Subject: Re: Fw: kern/28865: panic in in_cksum()
To: None <current-users@netbsd.org>
From: Paul Dokas <dokas@cs.umn.edu>
List: current-users
Date: 02/17/2005 22:34:26
On Mon, 24 Jan 2005 14:41:02 -0600, Paul Dokas <dokas@cs.umn.edu> wrote:
> Can anyone help shed a little light on this bug for me? I'm getting tired of rebooting
> my machine every other morning :-/
>
> In particular, I'd find it useful to know what kind of information I should get after the
> machine panics.
>
> Paul
Following up on my own follow up. (Yes, I do sometime talk to myself. Sometimes
even in public email lists apparently ;-)
I think that I've got an idea about what's going on. I think that there's a
serious bug somewhere in the fxp driver. Possibly related to a thread from
tech-kern in Feb 2003. Here's two of the more relevant emails:
http://mail-index.netbsd.org/tech-kern/2003/02/11/0012.html
http://mail-index.netbsd.org/tech-kern/2003/02/13/0013.html
Why do I think that what I'm seeing is related? Well, I upgraded another
machine to -current as of Feb 14 and it started locking up after only 5
to 10 minutes worth of passing traffic a large amount of random traffic
(it's a firewall for a network full of laptops). The lockups were
happening while using this NIC:
fxp0 at pci2 dev 7 function 0: i82559 Ethernet, rev 8
fxp0: interrupting at irq 3
fxp0: Ethernet address 00:02:b3:8c:2f:0e
inphy0 at fxp0 phy 1: i82555 10/100 media interface, rev. 4
inphy0: 10baseT, 10baseT-FDX, 100baseTX, 100baseTX-FDX, auto
When I'd break into the kernel debugger, it was stuck in fxp_rxintr(). This
lockup repeated itself a few times before I swapped out the NIC for one of these:
fxp0 at pci2 dev 8 function 0: Intel i82557 Ethernet, rev 2
fxp0: interrupting at irq 10
fxp0: Enabling receiver lock-up workaround
fxp0: Ethernet address 00:a0:c9:81:11:d9
inphy0 at fxp1 phy 1: i82555 10/100 media interface, rev. 0
inphy0: 10baseT, 10baseT-FDX, 100baseTX, 100baseTX-FDX, auto
This time the machine ran for a few hours and then locked up in the fxp driver.

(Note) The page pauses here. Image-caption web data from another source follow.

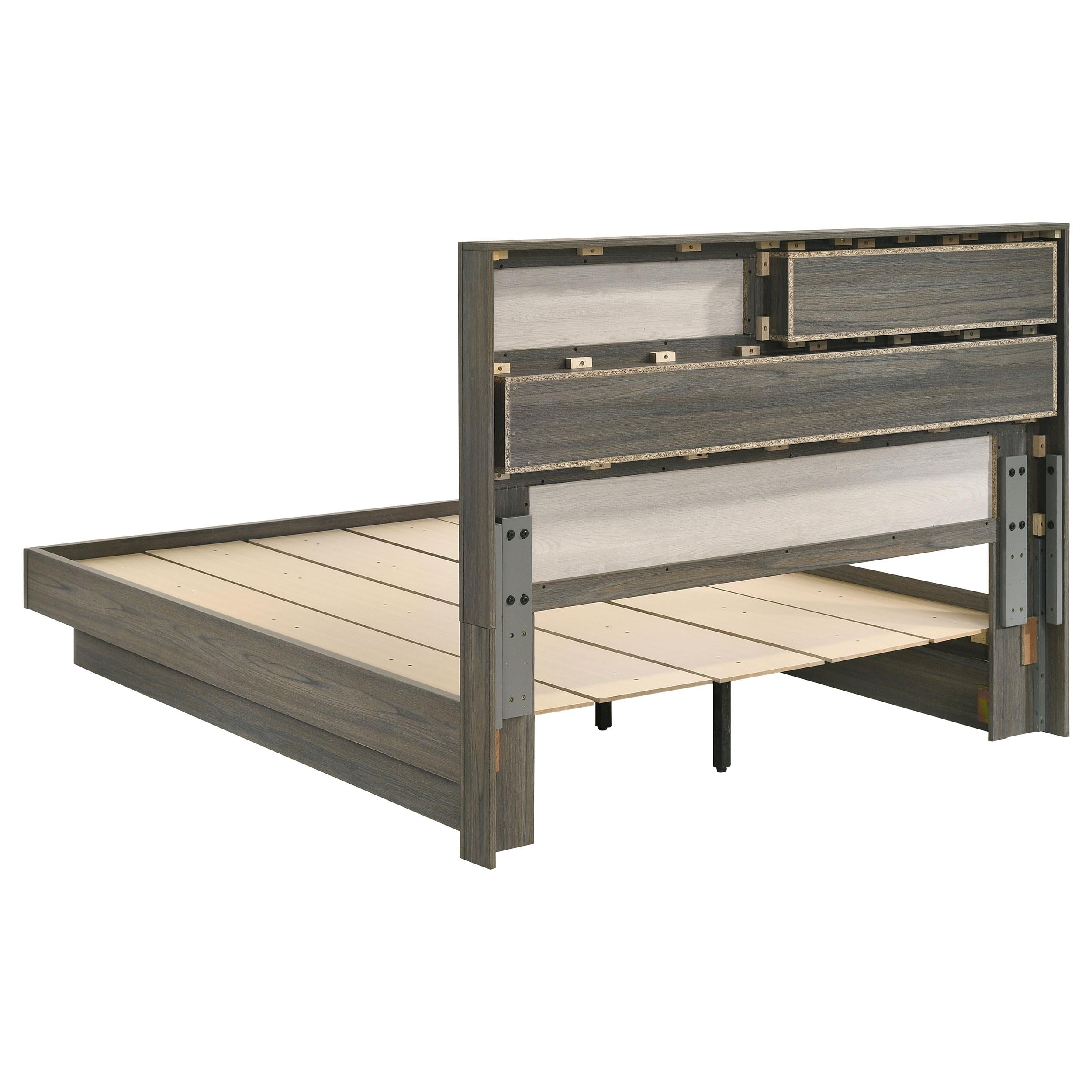 Fenwick Eastern King Bed Bookcase Headboard Grey Oak - 224981KE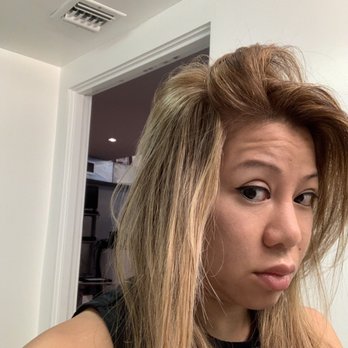 Line 12 Hair Studio - Unevenness blonde tones and broken hair from over processing. Day after - Blow Dry/Out Services Near Me - West Hollywood, California Line 12 Hair Studio - Unevenness blonde tones and broken hair from over processing. Day after - Blow Dry/Out Services Near Me - West Hollywood, California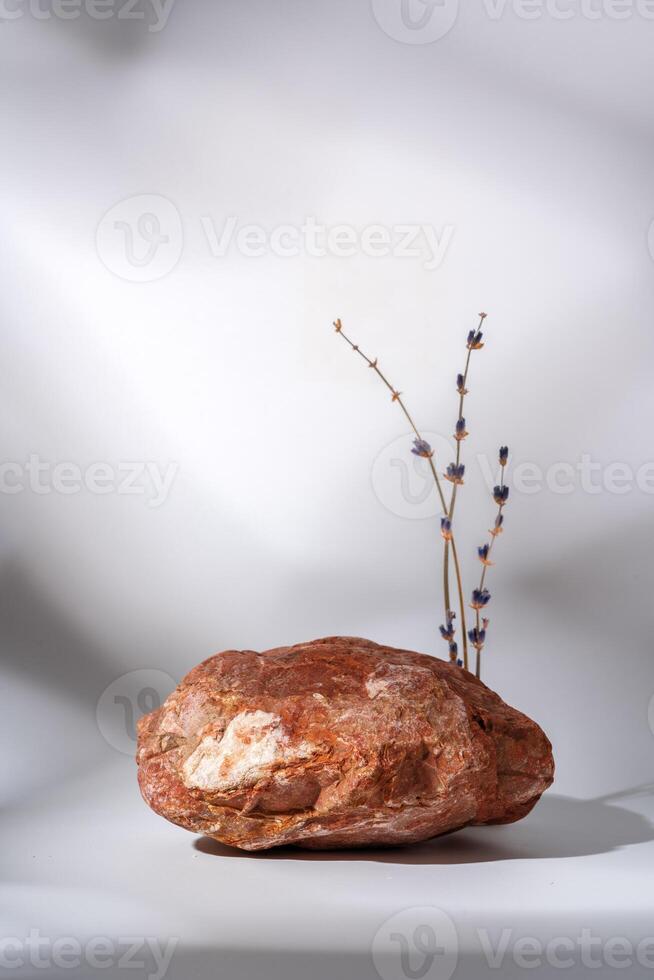 Granite stone on white background with shadows for background photo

But still in a place that seems to deal with DMA. Here's a portion of the
stack trace (copied by hand):
Xspllower(7,c0fdff00,ffffffff,286,c0dea000) at netbsd:Xspllower+0xe
m_freem(c0d3f500,0,52,c2507634,c0d3f500) at netbsd:m_freem_0x99
fxp_start(c0dea044,c047aa9c,c0dea044,2,ca517024) at netbsd:fxp_start_0x2c4
ether_output(c0dea044,c2506000,c0fe1d98,c0fc5df0,c2586000) at netbsd:ether_output+0x2dc
ip_output(c2508000,0,c03fa1f4,1,8) at netbsd:ip_output_0x621
ip_forward(c2506000,0,c0f7a000,1,0) at netbsd:ip_forward+0x16a
ip_input(c2506000,0,0,246,0) at netbsd:ip_input+0x27b
ipintr(928a0010,50030,cdba0010,c0470010,c0477000) at netbsd:ipintr+0x76
DDB lost frame for netbsd:Xsoftnet+0x41, trying 0xc047ae80
Xsoftnet() at netbsd:Xsoftnet+0x41
The final nail in this for me is that I swapped out the Intel NICs for a 3COM:
ex0 at pci2 dev 8 function 0: 3Com 3c905C-TX 10/100 Ethernet with mngmt (rev. 0x78)
ex0: interrupting at irq 10
ex0: MAC address 00:04:75:c7:b4:b7
exphy0 at ex0 phy 24: 3Com internal media interface
exphy0: 10baseT, 10baseT-FDX, 100baseTX, 100baseTX-FDX, auto
and haven't had any problems since.
Given that I'm seeing lockups in fxp_rxintr and in the fxp driver in general
at places that seem to do with DMA, is it possible that the race condition
described in that first tech-kern email has surfaced for me? Or am I just
reading into this too deeply?
I seriously hope that it's not the problem described in that thread because I've
got another machine that I'd _really_ like to upgrade to get to IPFilter 4.1.5.
But it's got wm NICs and according to this:
http://mail-index.netbsd.org/tech-kern/2003/02/11/0018.html
it's likely to be affected by the same problem.
Paul
--
Paul Dokas dokas@cs.umn.edu
======================================================================
Don Juan Matus: "an enigma wrapped in mystery wrapped in a tortilla."